In response to Mexican interest in trade after the opening of the Presidio del Norte entry to Texas in 1830, Henry Connelly, a Missouri physician and prominent Chihuahua merchant, organized a party of more than 100 men accompanied by fifty Mexican dragoons that left Chihuahua with 200,000 or 300,000 dollars in specie on April 2, 1839. They traveled northeast to the Rio Grande, crossed at the site of present Presidio, then went on to the headwaters of the Colorado and Brazos rivers, possibly between the Double Mountain and Clear Forks of the Brazos.
Moving northeast, the party initially mistook the Canadian for the Red River, then proceeded to the Red, traveled downriver, and crossed at the mouth of the Wichita River into Indian Territory. There, a Delaware Indian band directed them to Fort Towson. Connelly proceeded east, reached the post in June, and presented the commandant, Maj.

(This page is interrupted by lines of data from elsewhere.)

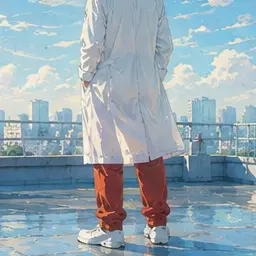 Profile image of 宮舘涼太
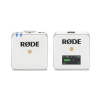 Rode Wireless Go WHITE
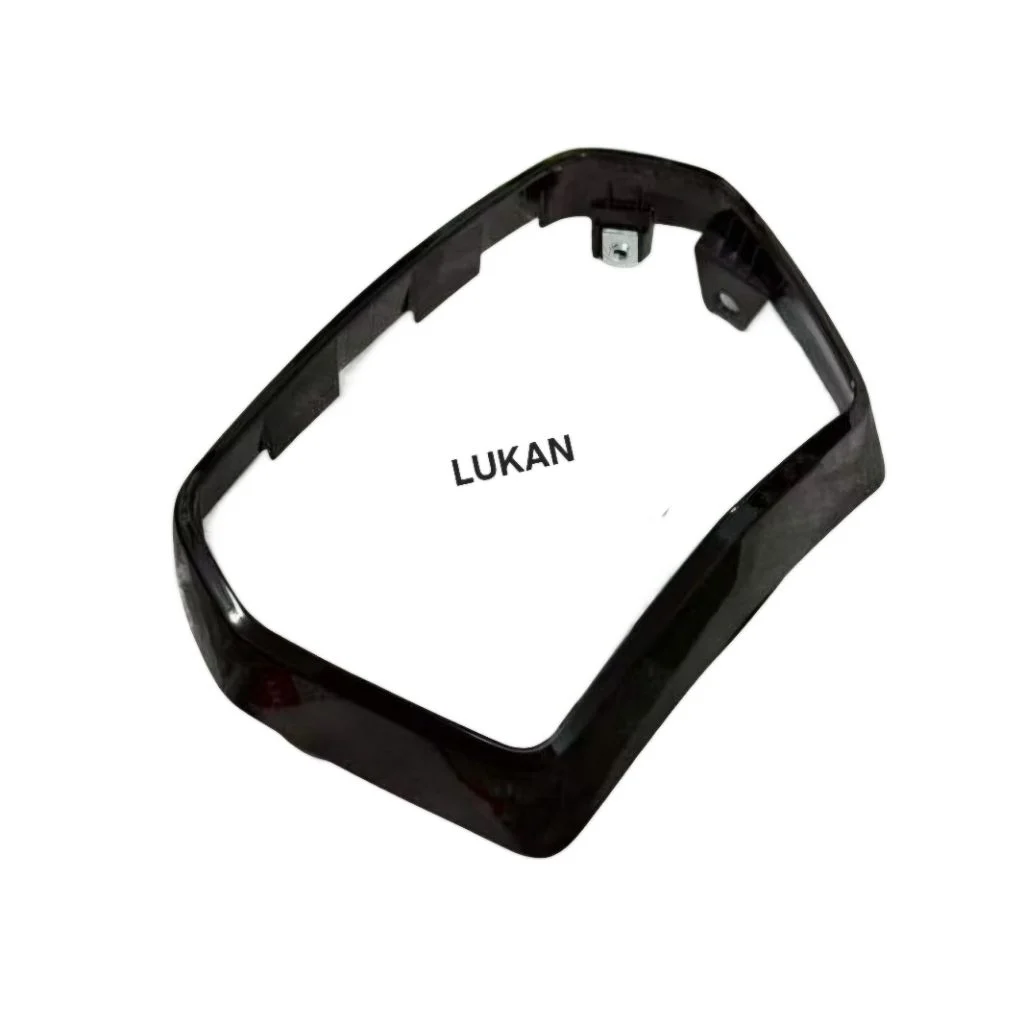 Khung vành đèn pha nho xe Super DREAM lồi zin Honda 33101-KFV-971 - Ảnh 2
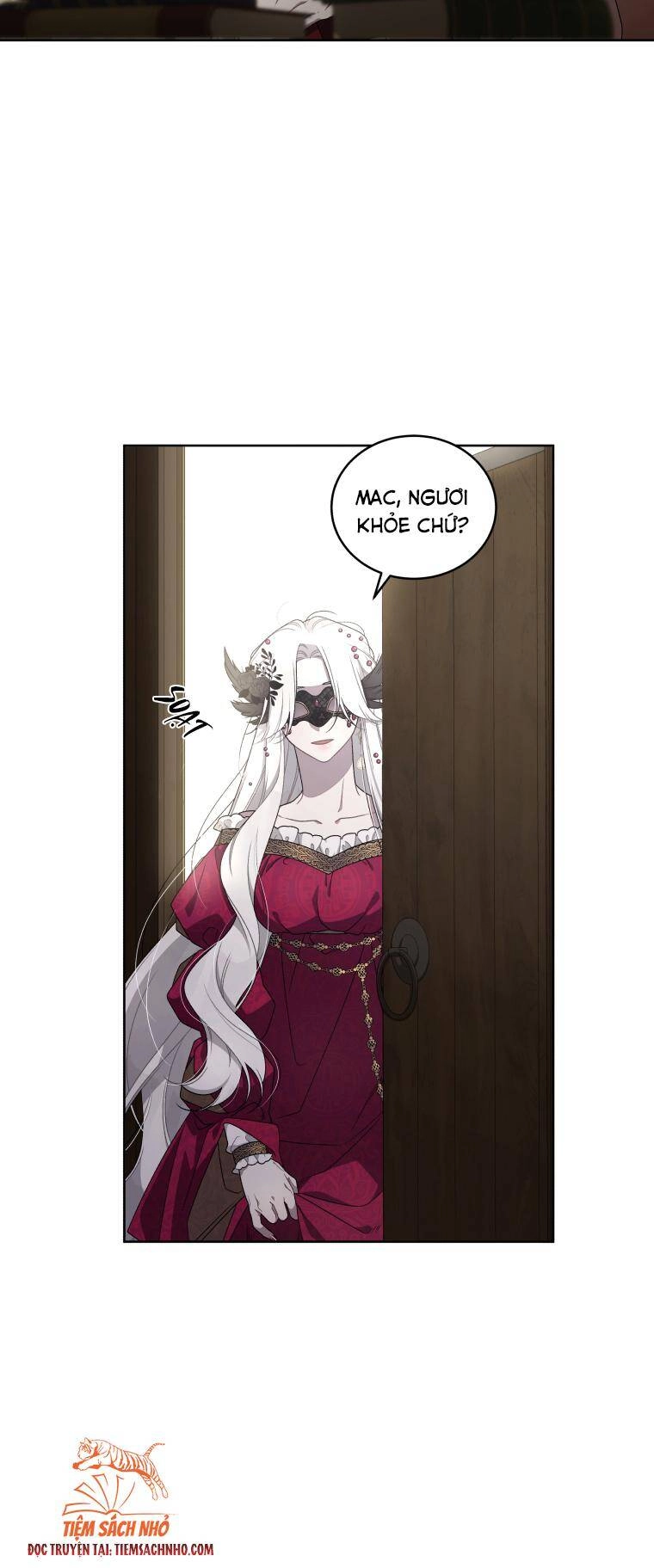 Ác Nữ Thuần Hoá Quái Thú Chapter 7 - 24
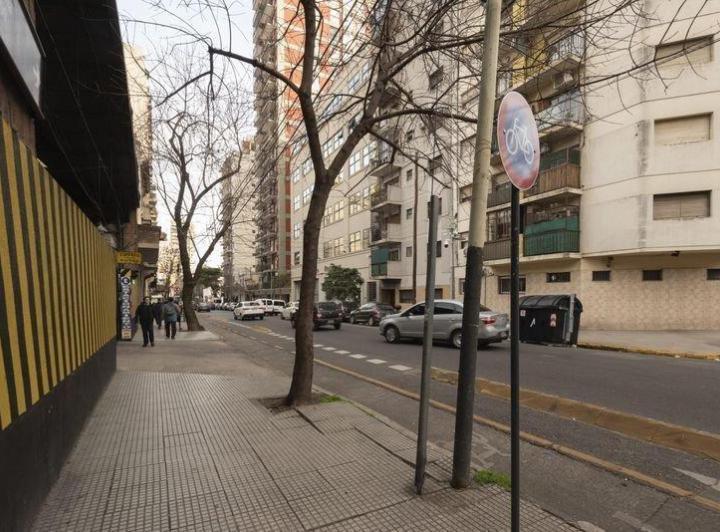 Sanchez de Loria 98, Piso 10 3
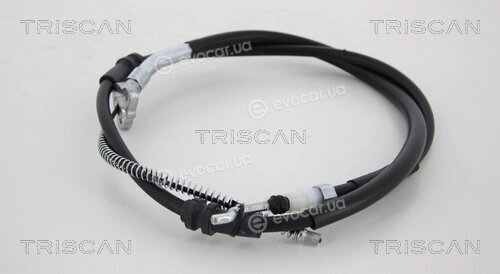 Triscan 8140 291133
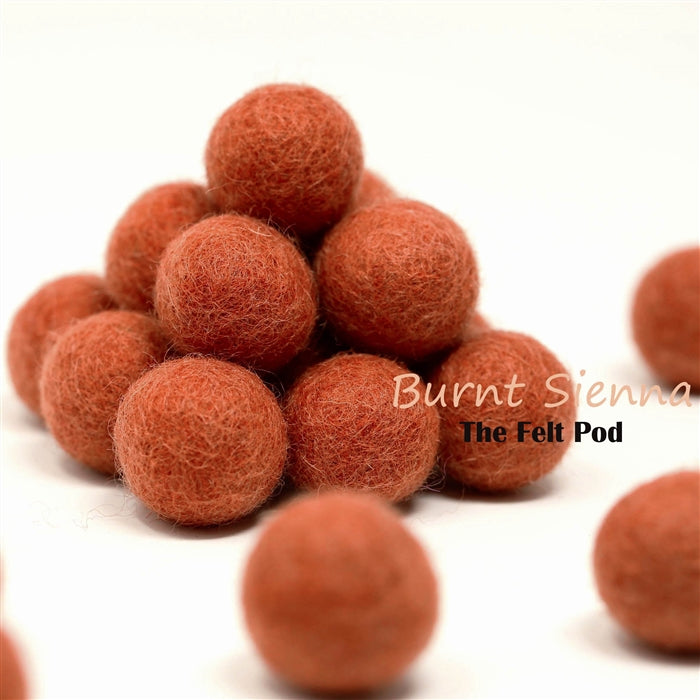 The Felt Pod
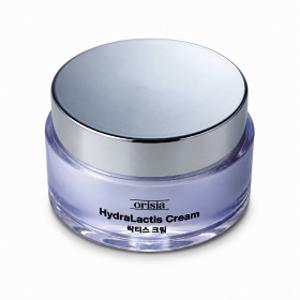 오리시아 락티스 크림 50ml 젖소크림 1개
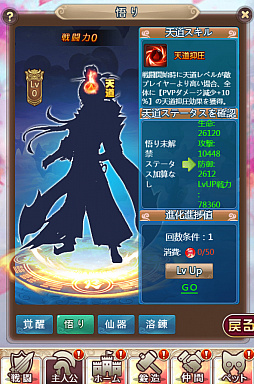 画像ギャラリー No.007のサムネイル画像 / 「ケモニスタオンライン」,大型アップデートを本日実施。魔獣祭壇,悟りシステム,究極パスが解禁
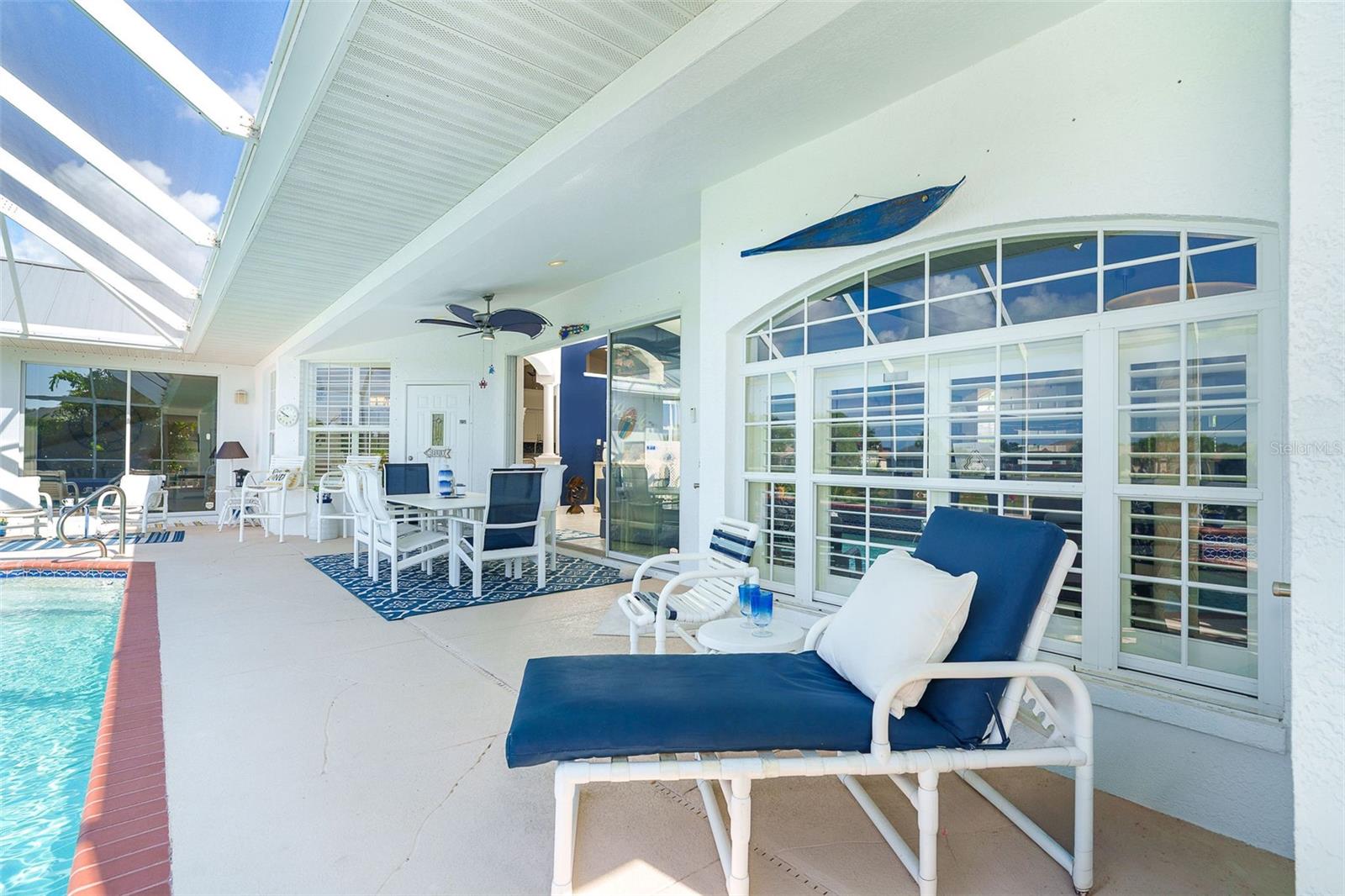 ROTONDA WEST LONG MEADOW - Residential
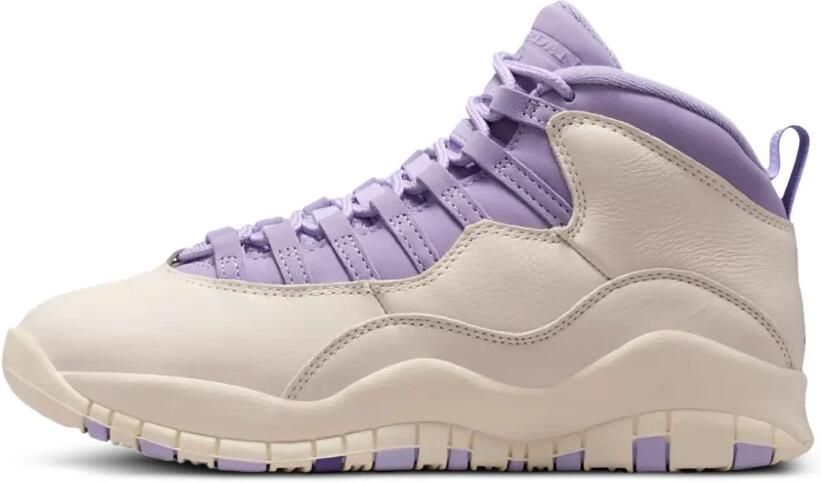 Jordan Air 10 sneakers Beige - Foto 3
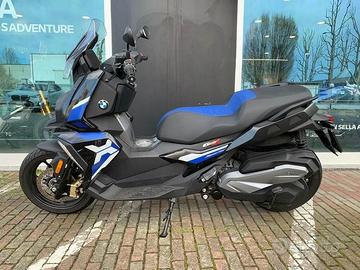 BMW C 400 X Style Sport Abs my21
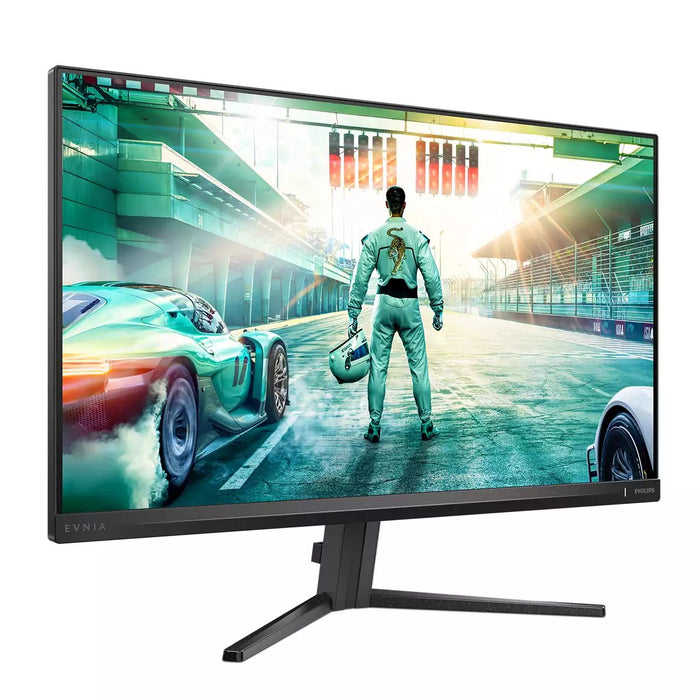 EAN 8712581805890 - Philips Evnia 27M2N3500NL/00 pantalla para PC 68,6 cm (27") 2560 x 1440 Pixeles Quad HD LCD Negro imagen 5
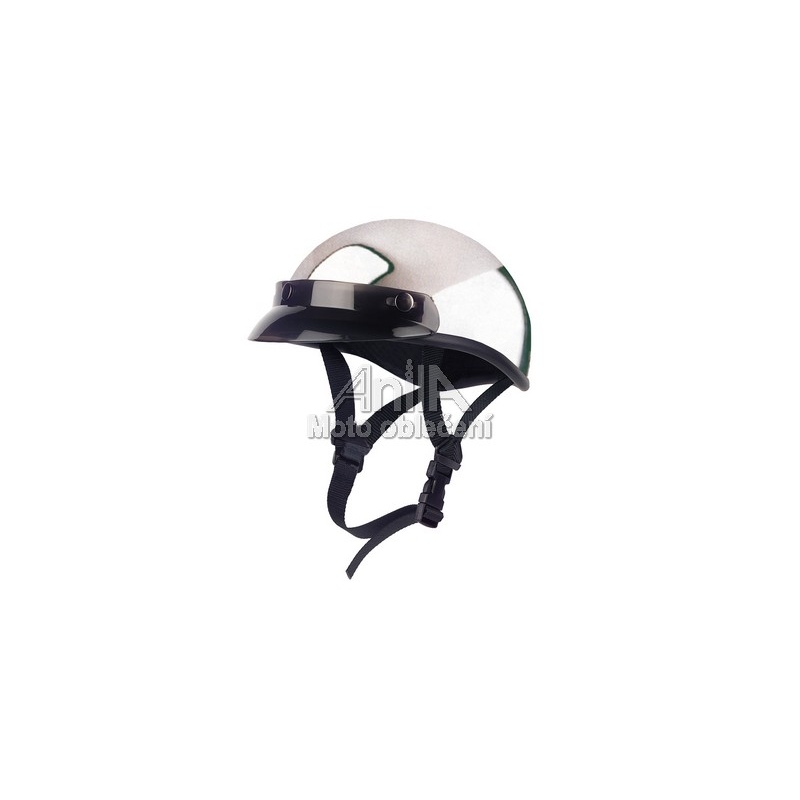 Chopper Hełmy, Kask Braincap HR-11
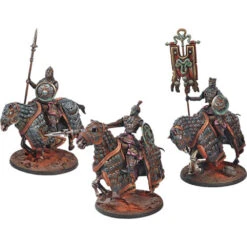 Conquest: Old Dominion - One-Player Starter Set -Games Workshop Shop pbod603 6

Henry Wilson, a passport issued at Chihuahua on April 1 by Governor Simón Elias Gonzales, authorizing him to pass with his party through the Republic of Mexico to the state of Arkansas.
Connelly next took a steamboat to Louisiana to exchange his gold and silver for merchandise, then returned to Fort Towson in early September. He left Fulton, Arkansas, in April 1840 after delays for weather, with between sixty and eighty new wagons loaded with merchandise and a company of American equestrian circus performers carrying tents and equipment to entertain in Mexico.
Connelly maintained cordial relations between the Mexicans and the inhabitants of the northern Texas settlements who might have inspected and taxed the party heavily on its return. Citizens were eager for the trade and dealt generously.
The return route passed from Fort Towson into North Texas, through what became Red River, Lamar, Fannin, Grayson, Cooke, Montague, Clay, and Archer counties. The expedition passed the sites of Paris and Bonham, swung south of Sherman through Whitesboro, north of Gainesville and Muenster, and into the city limits of St. Jo in Montague County. Some six miles west, the travelers veered northward into the Cross Timbers between Montague and Nocona, where the caravan spent five weeks cutting through and traversing the muddy prairies. The remainder of the route passed northwest of the site of Montague, north of Brushy Mound, and northwest of Bowie.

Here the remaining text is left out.